Stored items from a collection:

★ ★ ★

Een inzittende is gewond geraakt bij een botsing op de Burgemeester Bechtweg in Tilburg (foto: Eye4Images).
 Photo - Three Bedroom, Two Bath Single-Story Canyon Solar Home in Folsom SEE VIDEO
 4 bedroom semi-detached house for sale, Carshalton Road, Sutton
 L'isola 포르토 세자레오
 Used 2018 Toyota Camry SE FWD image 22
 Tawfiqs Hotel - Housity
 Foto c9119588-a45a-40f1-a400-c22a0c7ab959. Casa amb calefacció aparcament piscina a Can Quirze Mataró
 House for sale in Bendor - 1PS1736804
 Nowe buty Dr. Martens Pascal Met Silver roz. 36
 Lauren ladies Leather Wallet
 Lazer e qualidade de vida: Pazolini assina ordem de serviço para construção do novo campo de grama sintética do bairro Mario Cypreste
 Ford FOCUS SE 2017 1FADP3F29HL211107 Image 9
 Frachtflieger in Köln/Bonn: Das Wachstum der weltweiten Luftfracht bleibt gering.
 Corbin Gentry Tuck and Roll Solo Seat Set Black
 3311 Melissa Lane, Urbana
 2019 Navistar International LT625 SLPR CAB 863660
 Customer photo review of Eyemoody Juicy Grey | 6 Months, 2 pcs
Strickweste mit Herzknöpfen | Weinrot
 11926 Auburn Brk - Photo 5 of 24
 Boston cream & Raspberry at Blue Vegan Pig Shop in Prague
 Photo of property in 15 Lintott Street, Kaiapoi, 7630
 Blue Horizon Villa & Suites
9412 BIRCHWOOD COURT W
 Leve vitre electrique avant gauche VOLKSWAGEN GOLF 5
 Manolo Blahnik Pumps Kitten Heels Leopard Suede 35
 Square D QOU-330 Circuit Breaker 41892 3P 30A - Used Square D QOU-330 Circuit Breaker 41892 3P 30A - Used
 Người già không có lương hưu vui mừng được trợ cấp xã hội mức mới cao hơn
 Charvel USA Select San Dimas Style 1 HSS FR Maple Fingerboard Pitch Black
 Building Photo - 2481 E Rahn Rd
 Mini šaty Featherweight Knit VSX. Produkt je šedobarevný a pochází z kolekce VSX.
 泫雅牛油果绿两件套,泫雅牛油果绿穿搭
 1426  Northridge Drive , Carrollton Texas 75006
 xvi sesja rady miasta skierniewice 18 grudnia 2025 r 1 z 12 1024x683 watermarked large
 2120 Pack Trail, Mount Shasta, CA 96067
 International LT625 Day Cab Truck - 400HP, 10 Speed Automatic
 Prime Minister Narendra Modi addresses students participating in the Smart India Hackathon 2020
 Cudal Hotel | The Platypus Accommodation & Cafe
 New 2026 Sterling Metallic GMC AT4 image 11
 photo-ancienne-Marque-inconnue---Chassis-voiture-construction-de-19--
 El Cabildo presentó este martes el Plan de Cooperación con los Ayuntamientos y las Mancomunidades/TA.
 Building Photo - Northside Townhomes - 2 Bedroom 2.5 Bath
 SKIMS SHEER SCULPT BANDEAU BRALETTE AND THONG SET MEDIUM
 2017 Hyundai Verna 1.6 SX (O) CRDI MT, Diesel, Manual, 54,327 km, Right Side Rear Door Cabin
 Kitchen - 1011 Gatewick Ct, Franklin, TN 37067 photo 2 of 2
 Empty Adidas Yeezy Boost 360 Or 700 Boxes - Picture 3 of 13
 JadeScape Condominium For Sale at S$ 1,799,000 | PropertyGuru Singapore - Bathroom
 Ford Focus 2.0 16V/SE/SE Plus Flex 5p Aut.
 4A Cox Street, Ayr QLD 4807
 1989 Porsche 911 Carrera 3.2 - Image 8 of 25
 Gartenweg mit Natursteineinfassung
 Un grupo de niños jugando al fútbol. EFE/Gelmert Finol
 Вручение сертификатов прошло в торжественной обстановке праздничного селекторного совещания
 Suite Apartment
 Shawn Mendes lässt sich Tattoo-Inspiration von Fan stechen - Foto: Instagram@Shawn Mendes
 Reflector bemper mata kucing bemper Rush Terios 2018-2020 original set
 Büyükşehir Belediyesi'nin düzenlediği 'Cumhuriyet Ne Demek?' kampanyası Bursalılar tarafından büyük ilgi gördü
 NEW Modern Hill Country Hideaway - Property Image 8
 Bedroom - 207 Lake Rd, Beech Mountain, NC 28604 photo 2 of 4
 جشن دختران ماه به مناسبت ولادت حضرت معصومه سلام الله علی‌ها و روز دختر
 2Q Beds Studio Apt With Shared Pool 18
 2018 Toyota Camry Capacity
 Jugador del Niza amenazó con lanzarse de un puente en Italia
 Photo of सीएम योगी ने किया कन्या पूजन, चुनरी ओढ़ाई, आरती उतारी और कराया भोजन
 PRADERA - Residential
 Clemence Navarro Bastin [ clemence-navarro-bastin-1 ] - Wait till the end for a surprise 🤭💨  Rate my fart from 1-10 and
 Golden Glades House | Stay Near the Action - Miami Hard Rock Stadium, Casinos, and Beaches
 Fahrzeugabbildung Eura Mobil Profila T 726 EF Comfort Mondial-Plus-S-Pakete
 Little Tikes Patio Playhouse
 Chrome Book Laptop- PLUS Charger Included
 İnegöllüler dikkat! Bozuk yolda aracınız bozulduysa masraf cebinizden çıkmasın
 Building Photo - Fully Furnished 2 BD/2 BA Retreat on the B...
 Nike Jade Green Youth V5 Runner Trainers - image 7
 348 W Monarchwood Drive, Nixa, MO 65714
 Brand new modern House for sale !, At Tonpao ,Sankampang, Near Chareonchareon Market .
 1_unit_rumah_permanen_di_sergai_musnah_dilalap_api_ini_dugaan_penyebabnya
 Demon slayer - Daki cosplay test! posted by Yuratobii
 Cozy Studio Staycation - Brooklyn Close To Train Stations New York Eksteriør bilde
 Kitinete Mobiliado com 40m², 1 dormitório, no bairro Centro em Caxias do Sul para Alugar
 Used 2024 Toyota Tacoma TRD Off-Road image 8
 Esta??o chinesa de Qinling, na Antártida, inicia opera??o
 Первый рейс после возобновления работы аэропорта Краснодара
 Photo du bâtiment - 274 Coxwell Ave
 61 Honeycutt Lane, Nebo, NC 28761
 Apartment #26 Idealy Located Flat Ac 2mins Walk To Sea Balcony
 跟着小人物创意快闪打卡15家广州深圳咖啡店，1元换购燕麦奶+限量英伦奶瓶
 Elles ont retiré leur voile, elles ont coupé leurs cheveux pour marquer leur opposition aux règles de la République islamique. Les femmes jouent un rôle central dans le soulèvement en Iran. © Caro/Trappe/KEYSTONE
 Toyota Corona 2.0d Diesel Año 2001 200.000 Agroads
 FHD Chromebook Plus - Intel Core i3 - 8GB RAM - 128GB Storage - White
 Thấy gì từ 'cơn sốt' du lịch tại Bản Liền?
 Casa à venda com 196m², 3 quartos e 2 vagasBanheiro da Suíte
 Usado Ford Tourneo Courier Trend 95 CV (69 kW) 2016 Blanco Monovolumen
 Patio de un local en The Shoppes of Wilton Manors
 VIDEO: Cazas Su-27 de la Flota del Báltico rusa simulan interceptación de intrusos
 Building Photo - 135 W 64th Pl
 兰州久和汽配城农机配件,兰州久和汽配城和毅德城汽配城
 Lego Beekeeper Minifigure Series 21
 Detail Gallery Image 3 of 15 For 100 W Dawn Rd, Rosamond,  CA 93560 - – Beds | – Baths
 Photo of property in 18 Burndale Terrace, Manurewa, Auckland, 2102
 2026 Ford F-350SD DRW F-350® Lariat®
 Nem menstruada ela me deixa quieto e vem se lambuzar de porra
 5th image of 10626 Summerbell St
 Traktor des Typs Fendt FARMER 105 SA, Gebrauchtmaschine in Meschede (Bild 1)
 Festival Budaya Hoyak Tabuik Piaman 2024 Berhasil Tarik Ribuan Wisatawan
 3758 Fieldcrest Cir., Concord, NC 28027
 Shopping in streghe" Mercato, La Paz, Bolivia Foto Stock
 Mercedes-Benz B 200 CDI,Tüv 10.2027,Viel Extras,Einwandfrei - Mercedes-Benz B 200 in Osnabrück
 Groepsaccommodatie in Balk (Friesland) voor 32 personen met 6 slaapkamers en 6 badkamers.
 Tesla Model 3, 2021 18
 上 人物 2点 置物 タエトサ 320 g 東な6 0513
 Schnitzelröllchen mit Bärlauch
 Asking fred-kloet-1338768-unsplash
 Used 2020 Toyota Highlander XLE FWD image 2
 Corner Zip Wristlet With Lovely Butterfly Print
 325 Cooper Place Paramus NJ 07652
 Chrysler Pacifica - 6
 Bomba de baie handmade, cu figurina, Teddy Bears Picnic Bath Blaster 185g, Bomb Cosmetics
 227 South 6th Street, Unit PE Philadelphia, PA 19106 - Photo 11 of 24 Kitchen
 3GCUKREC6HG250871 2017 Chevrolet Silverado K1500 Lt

★ ★ ★

● Exercise
From the records above, retype only the lines starting at the line that contains "Suite Apartment" and ending at the line that contains "Bedroom - 207", both included.

● Your response
 Suite Apartment
 Shawn Mendes lässt sich Tattoo-Inspiration von Fan stechen - Foto: Instagram@Shawn Mendes
 Reflector bemper mata kucing bemper Rush Terios 2018-2020 original set
 Büyükşehir Belediyesi'nin düzenlediği 'Cumhuriyet Ne Demek?' kampanyası Bursalılar tarafından büyük ilgi gördü
 NEW Modern Hill Country Hideaway - Property Image 8
 Bedroom - 207 Lake Rd, Beech Mountain, NC 28604 photo 2 of 4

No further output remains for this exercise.